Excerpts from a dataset
________________
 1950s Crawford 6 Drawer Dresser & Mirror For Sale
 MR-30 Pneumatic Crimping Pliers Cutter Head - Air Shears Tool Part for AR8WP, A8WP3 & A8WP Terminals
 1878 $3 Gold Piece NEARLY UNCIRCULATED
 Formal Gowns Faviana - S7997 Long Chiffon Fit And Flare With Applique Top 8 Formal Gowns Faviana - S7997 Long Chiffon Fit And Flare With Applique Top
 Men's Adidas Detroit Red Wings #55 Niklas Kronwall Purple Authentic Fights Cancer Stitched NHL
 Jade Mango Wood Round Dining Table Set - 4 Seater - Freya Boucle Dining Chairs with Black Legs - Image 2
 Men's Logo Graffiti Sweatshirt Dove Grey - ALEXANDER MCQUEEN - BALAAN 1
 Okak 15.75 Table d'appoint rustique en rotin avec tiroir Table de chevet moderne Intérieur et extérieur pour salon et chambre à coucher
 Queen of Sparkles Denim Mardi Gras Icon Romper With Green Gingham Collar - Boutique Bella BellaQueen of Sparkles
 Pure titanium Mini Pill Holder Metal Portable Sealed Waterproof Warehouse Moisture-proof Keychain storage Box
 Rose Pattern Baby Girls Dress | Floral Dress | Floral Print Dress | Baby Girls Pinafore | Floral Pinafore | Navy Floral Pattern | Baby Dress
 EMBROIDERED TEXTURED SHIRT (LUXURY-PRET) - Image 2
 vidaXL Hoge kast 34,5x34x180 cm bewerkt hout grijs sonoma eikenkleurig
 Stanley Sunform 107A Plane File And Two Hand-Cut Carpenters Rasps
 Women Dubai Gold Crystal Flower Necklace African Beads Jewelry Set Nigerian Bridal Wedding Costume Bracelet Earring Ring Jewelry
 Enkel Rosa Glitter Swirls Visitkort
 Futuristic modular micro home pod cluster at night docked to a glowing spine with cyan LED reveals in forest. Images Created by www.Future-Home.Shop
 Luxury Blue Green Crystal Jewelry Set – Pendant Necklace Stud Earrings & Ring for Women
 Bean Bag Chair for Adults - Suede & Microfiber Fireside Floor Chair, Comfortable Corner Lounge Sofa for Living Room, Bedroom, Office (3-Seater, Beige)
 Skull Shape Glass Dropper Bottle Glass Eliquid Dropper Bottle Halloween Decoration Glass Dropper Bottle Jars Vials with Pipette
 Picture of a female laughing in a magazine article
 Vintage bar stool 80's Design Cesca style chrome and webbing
________________
[WORK REQUIRED] Set out every record in full, exactly as given.

[THE ANSWER]
 1950s Crawford 6 Drawer Dresser & Mirror For Sale
 MR-30 Pneumatic Crimping Pliers Cutter Head - Air Shears Tool Part for AR8WP, A8WP3 & A8WP Terminals
 1878 $3 Gold Piece NEARLY UNCIRCULATED
 Formal Gowns Faviana - S7997 Long Chiffon Fit And Flare With Applique Top 8 Formal Gowns Faviana - S7997 Long Chiffon Fit And Flare With Applique Top
 Men's Adidas Detroit Red Wings #55 Niklas Kronwall Purple Authentic Fights Cancer Stitched NHL
 Jade Mango Wood Round Dining Table Set - 4 Seater - Freya Boucle Dining Chairs with Black Legs - Image 2
 Men's Logo Graffiti Sweatshirt Dove Grey - ALEXANDER MCQUEEN - BALAAN 1
 Okak 15.75 Table d'appoint rustique en rotin avec tiroir Table de chevet moderne Intérieur et extérieur pour salon et chambre à coucher
 Queen of Sparkles Denim Mardi Gras Icon Romper With Green Gingham Collar - Boutique Bella BellaQueen of Sparkles
 Pure titanium Mini Pill Holder Metal Portable Sealed Waterproof Warehouse Moisture-proof Keychain storage Box
 Rose Pattern Baby Girls Dress | Floral Dress | Floral Print Dress | Baby Girls Pinafore | Floral Pinafore | Navy Floral Pattern | Baby Dress
 EMBROIDERED TEXTURED SHIRT (LUXURY-PRET) - Image 2
 vidaXL Hoge kast 34,5x34x180 cm bewerkt hout grijs sonoma eikenkleurig
 Stanley Sunform 107A Plane File And Two Hand-Cut Carpenters Rasps
 Women Dubai Gold Crystal Flower Necklace African Beads Jewelry Set Nigerian Bridal Wedding Costume Bracelet Earring Ring Jewelry
 Enkel Rosa Glitter Swirls Visitkort
 Futuristic modular micro home pod cluster at night docked to a glowing spine with cyan LED reveals in forest. Images Created by www.Future-Home.Shop
 Luxury Blue Green Crystal Jewelry Set – Pendant Necklace Stud Earrings & Ring for Women
 Bean Bag Chair for Adults - Suede & Microfiber Fireside Floor Chair, Comfortable Corner Lounge Sofa for Living Room, Bedroom, Office (3-Seater, Beige)
 Skull Shape Glass Dropper Bottle Glass Eliquid Dropper Bottle Halloween Decoration Glass Dropper Bottle Jars Vials with Pipette
 Picture of a female laughing in a magazine article
 Vintage bar stool 80's Design Cesca style chrome and webbing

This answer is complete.